Certainly the stock market went on a tear in November, showing some of the speculative energy we hadn’t seen since 2021. Bitcoin is back above $40,000 again and some meme-retail-easy debt-Robin Hood-type stocks are running. Affirm, a pioneer of Buy Now Pay Later business, is getting all kinds of love.
As has been the case for ages now, the setup is hard to understand. November saw stocks moving higher while bond yields dropped because traders starting expecting rate cuts. That’s a pairing that can make sense at a market top (when forward-looking traders realize the party is about to end). Is that where we are today, at the top of this the-economy-didn’t-break-despite-historic-rate-hikes good period and about to dip into bad and need central bank support? If so, rate cuts and gold for everyone.
Or are things actually OK? If so, bond yields may have overcorrected.
We saw one bit of insight into this question today, with the November jobs report. The US economy added more new jobs than expected (199,000 vs 185,000 forecast) and the unemployment rate dropped to 3.7%, below all forecasts. Meanwhile the participation rate ticked up slightly to 62.8% and weekly hours also rose.
Now, there was a boost from 30,000 auto workers and 17,000 Hollywood workers returning from their picket lines. Analysts knew to expect those, but they still strengthen the numbers. Either way, it’s a strong-economy report, not one that suggests the need to cut rates imminently or significantly.
Tuesday’s Job Openings and Labor Turnover Survey sent the same message. Available positions decreased to 8.7 million from a downwardly-revised 9.4 million the month before, a result below all analysts estimates. And the decline in job openings was broad, cutting across all sectors.

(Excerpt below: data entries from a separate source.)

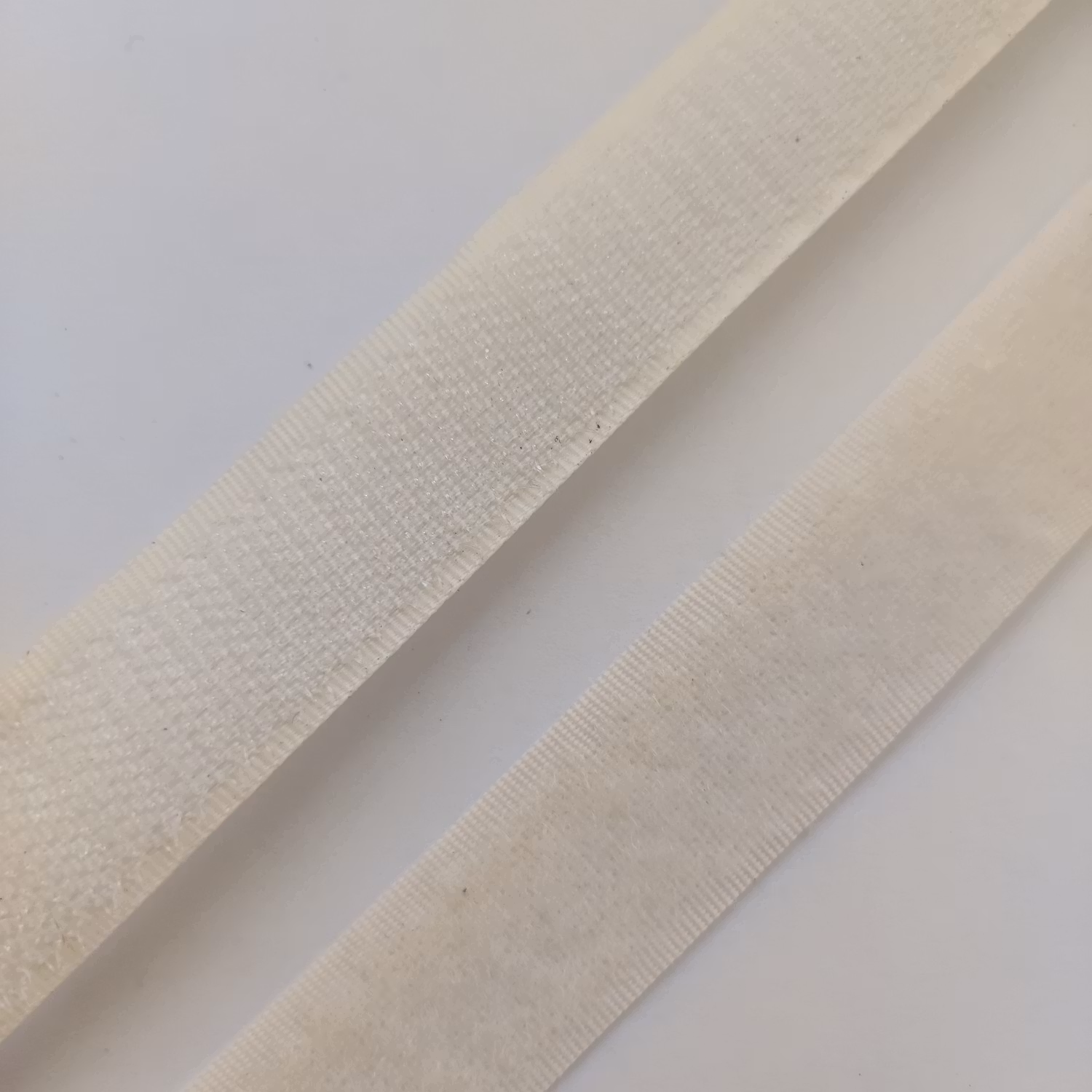Kardborreband, crème, 20 mm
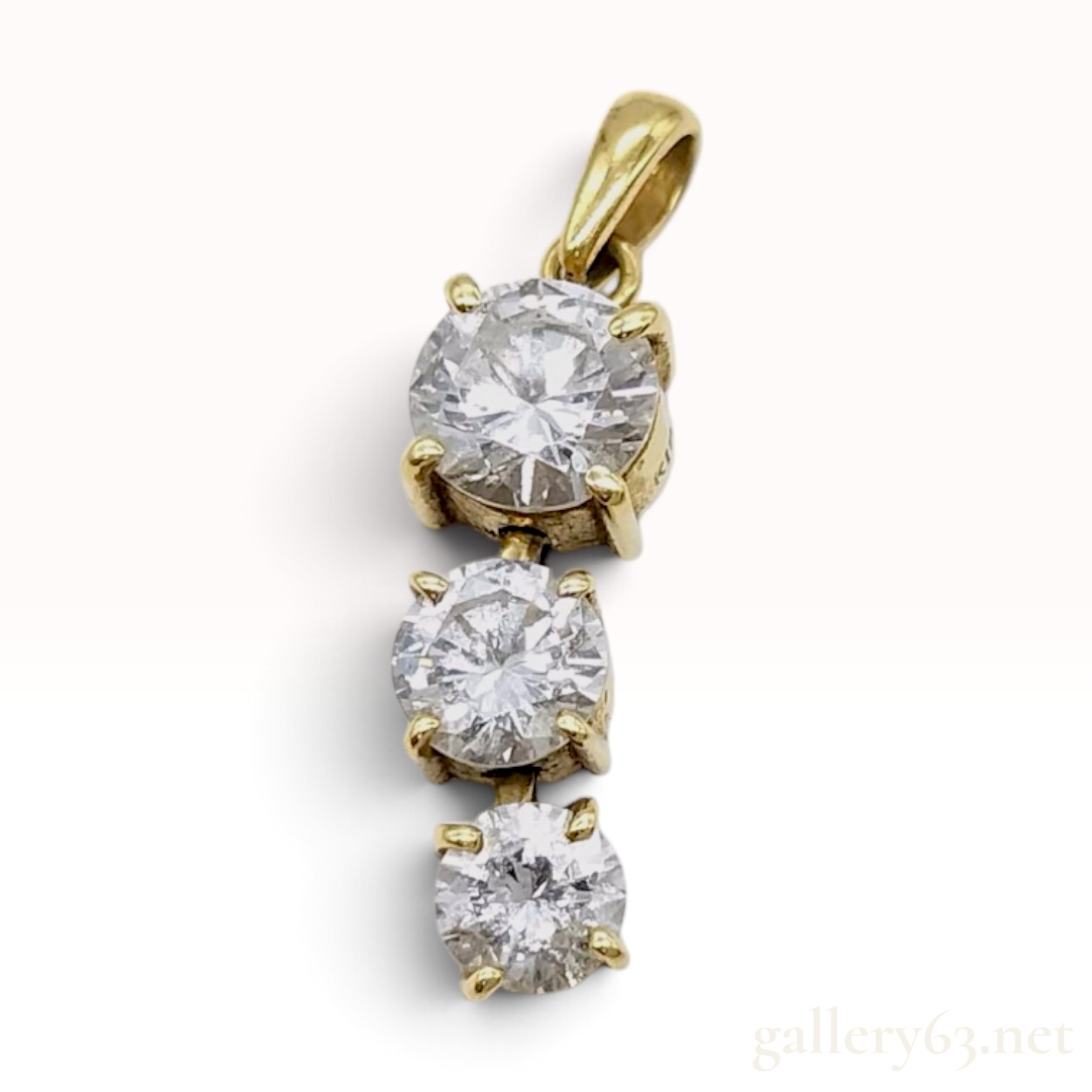 1.00 Carat Three Stone Graduated Diamond Journey Pendant in 18K Yellow Gold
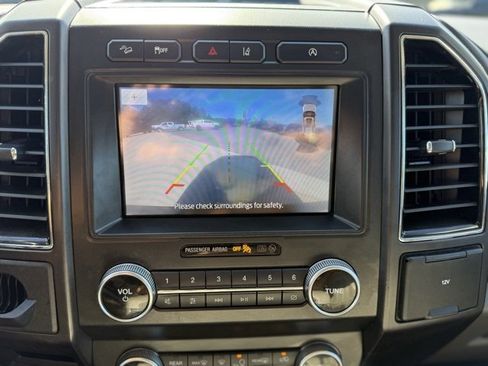 Used 2021 Ford Expedition Max Limited image 13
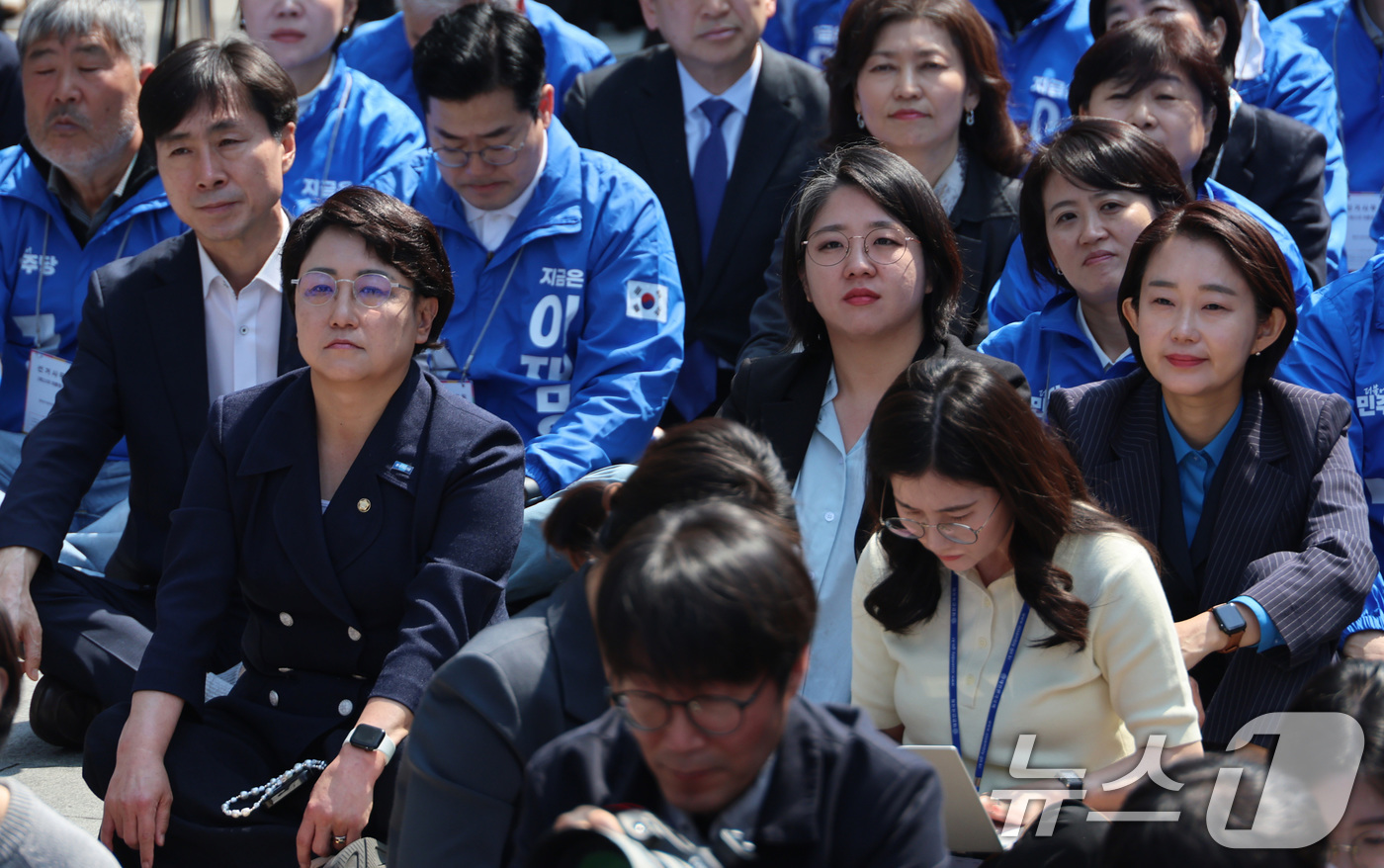 (서울=뉴스1) 안은나 기자 = 조국혁신당 김선민 대표 권한대행 등 야4당 대표들이 6·3 대통령선거 공식 선거운동 첫날인 12일 서울 광화문 청계광장에서 열린 더불어민주당 이재명 …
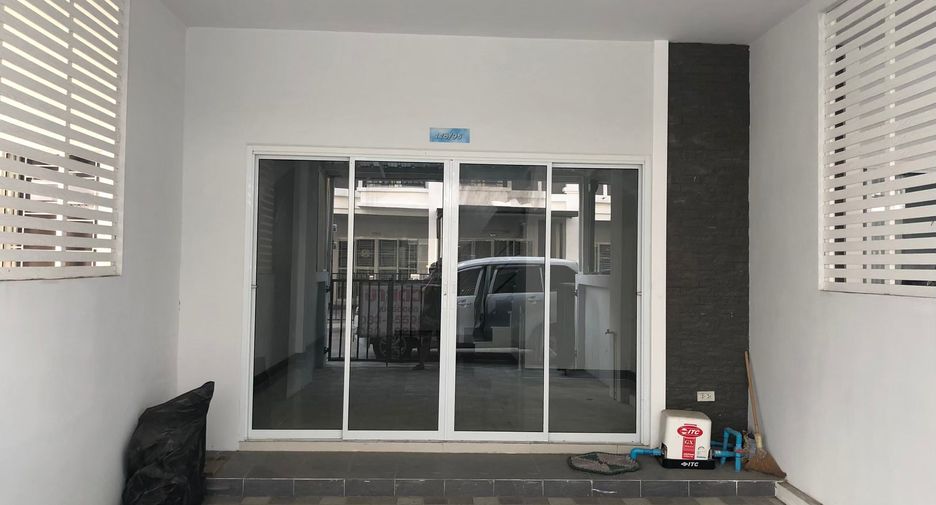 Casa adosada en alquiler de 2 habitaciones en Mueang Chon Buri, Chonburi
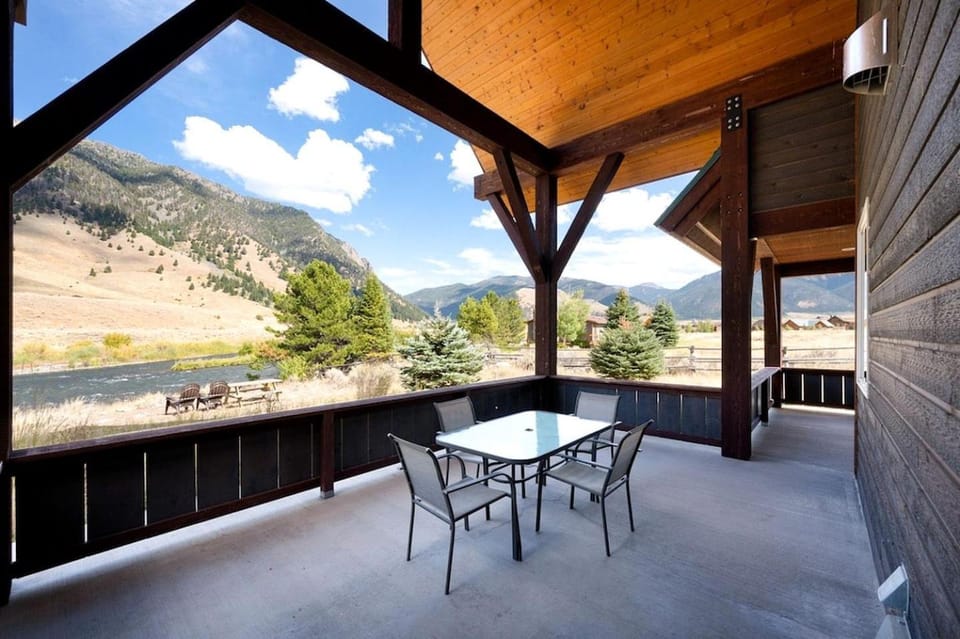 Remote Riverfront Cabin with Porch and Amazing Views in Montana Cabin in Idaho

We also saw the November ISM Services report on Tuesday, which showed continued modest expansion in the services sector while a metric of prices paid by service providers dropped to a four-month low. Together, the reports suggest that both sides of the Fed’s mandate – employment and price stability – are moving in the right direction. A tight labor market amplifies inflation as employers pay more to retain employees, who then spend more. That setup, which persisted through 2022, has now abated; labor supply and demand are reasonably in balance, helping inflation to continue easing.
What do we want to see in the upcoming data? In this good-is-good-but-also-bad setup, there’s no simple way to read the readings. Weak jobs data supports the potential for rate cuts, which is what the market seems to want…but too-weak data risks recession, which isn’t desired. Strong data supports a good economy, which should be good for stocks…but is bad for rate cuts.
So…be careful what you wish for, cause you just might get it?
Bottom line: bond yields had fallen significantly as traders priced in an aggressive rate cut cycle next year. Today’s jobs report adds to questions about whether that prediction is warranted. Five or six cuts only makes sense if we head into a recession, yet it looks like we’re on track for a soft landing.
I do want to take a moment to remember that the market has been terrible at predicting the Fed Funds rate, assuming more hikes sooner when the rate was a 0 from 2010 to 2016, then underestimating the scale and duration of hiking cycles. It would fit the pattern for the market to be over-estimating rate cuts today.
As for gold…it didn’t like today’s jobs report, dropping from $2030 to $1994 per oz. But as of writing it is clawing its way back up and just got back above $2000, on a Friday afternoon to boot.
If traders step back their rate cut forecasts and yields rise, gold will feel the pressure. But it has an insanely strong chart right now. Barring a dramatic change in yield expectations, I would guess the yellow metal trades sideways here for a while, demonstrating that $2000 is a new support rather than resistance level. As long as it stays above $2000, the chart looks very strong and suggests the next move should be higher.